By Ewan MacLeod in android — Oct 22, 2014

Voice recognition - has it come of age?

“Hey Siri, wake me up at 7 a.m.”…that’s about all I use Apple’s Siri for at the moment, short of asking what song is currently playing (which always amazes me).

It’s not that voice recognition on the iPhone is bad – most of the time it provides reliable and accurate information (when I’m in the UK; but abroad it’s another story) but it’s usually not much quicker than just navigating to an app or typing in a search query manually. What’s more, at times the responses can be just so boring and unimaginative.

Much like Joaquin Phoenix’s character Theodore Twombly in the excellent Spike Jonze movie “Her”, I would like an intelligent assistant with a personality that not only responds to requests, but enquires how I’m feeling and provides useful suggestions based around my interests and behaviour.

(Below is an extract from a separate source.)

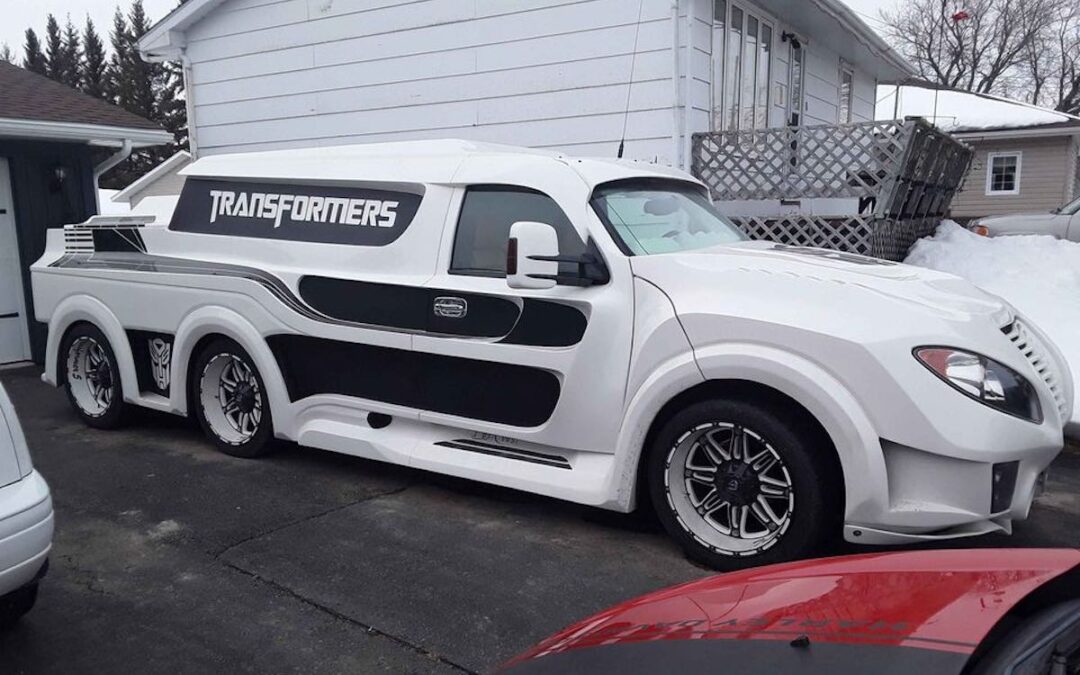This Chevy pickup truck is a wacky six-wheeled Transformers tribute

“Mr. Theodore Twombly, welcome to the worlds first artificially intelligent operating system, OS1. We’d like to ask you a few basic questions before the operating system is initiated. This will help create an OS to best fit your needs.”

I want to believe that Siri actually thinks for herself. I wouldn’t even mind the prosaic tones of HAL from Stanley Kubrick’s 1968 masterpiece “2001: A Space Odyssey”, as long as the homicidal tendencies could be toned down. The first step is to replace Siri’s stilted male voice (the default UK option) with the dulcet tones of OS1 (Scarlett Johansson). Problem nearly solved.

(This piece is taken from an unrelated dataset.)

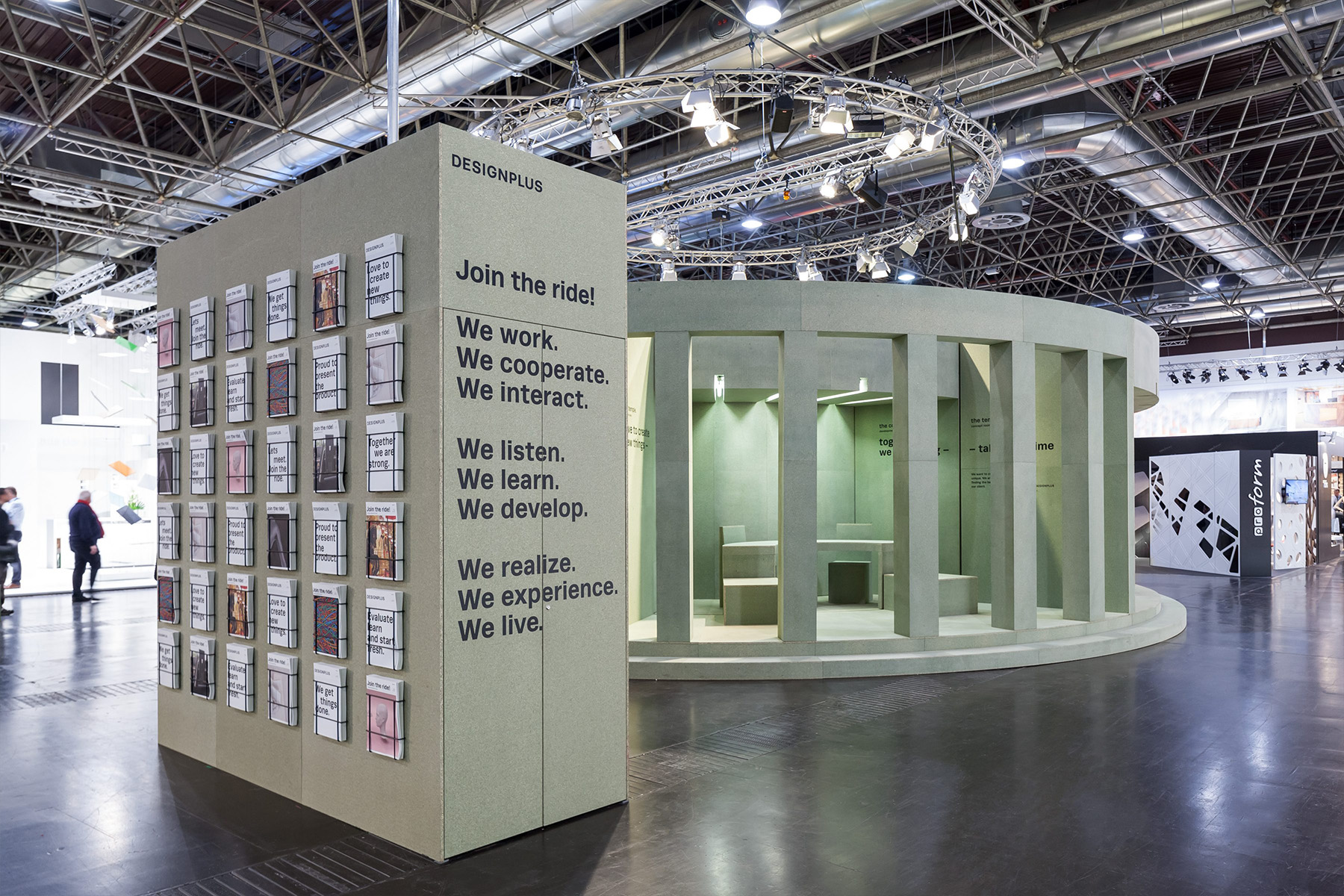 Der runde, drehbare Designplus-Messestand auf der EuroShop 2017 mit Journal-Wand und Sitznische, umgeben von Messehalle.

When Apple released iOS 8 in September, I had hoped that Siri would become a little more like Microsoft’s Cortana, nudging me with helpful little suggestions and even the odd witty remark.

Is that too much to ask?

HAL-9000 — The future of voice recognition?

Voice recognition grows up

It was only a few years ago that the idea of speaking to our smartphones seemed like the stuff of science fiction. It’s not that voice recognition software wasn’t available (it had been around for years on desktop computers, for example Dragon NaturallySpeaking) but it just wasn’t very well suited to devices with limited memory and processing capabilities. Part of the problem was that early smartphones had meagre amounts of memory. Then there’s the network issue – without always-on 4G networks all the speech processing had to be done on the phones instead of being sent to remote servers.

Desktop PC voice recognition software has never achieved much popularity apart from with speech technology enthusiasts – perhaps because there are other input devices to hand that do the job just as well (keyboards and mice!), and also because those systems needed a training period to recognise speech effectively. They just didn’t work well out of the box.

Mobiles phones on the other hand are with us every day; voice recognition then becomes a much more useful feature that can draw on contextual clues such as your location and activity. For example, suppose you’re in a bar and you ask your smartphone to “Get me home, I’m drunk”, then it would deduce that you need a taxi from your location to home.

Cortana demonstration — Cortana being demonstrated at Microsoft’s Build conference

A more natural way to interact

Nowadays of course, nearly everyone with a smartphone is familiar with Siri, Cortana and Google Now as a natural way to search the web, send messages, or simply to elicit a humorous response.

Today’s voice assistants were built upon decades of research that lay the groundwork for what was to come. Siri was originally conceived as an artificially intelligent “do engine” that would allow people to hold a conversation with the Internet, pulling in relevant information from multiple sources to anticipate what you wanted before you even wanted it.

Siri was eventually launched as a standalone iPhone app with a development team of just 24 people, before Apple bought them in 2010 scuppering a possible deal with Verizon that would have put Siri on every Android phone on their network.

Despite the initial scepticism and claims that voice recognition on a smartphone would not be useful, Microsoft and Google were compelled to create their own digital assistants.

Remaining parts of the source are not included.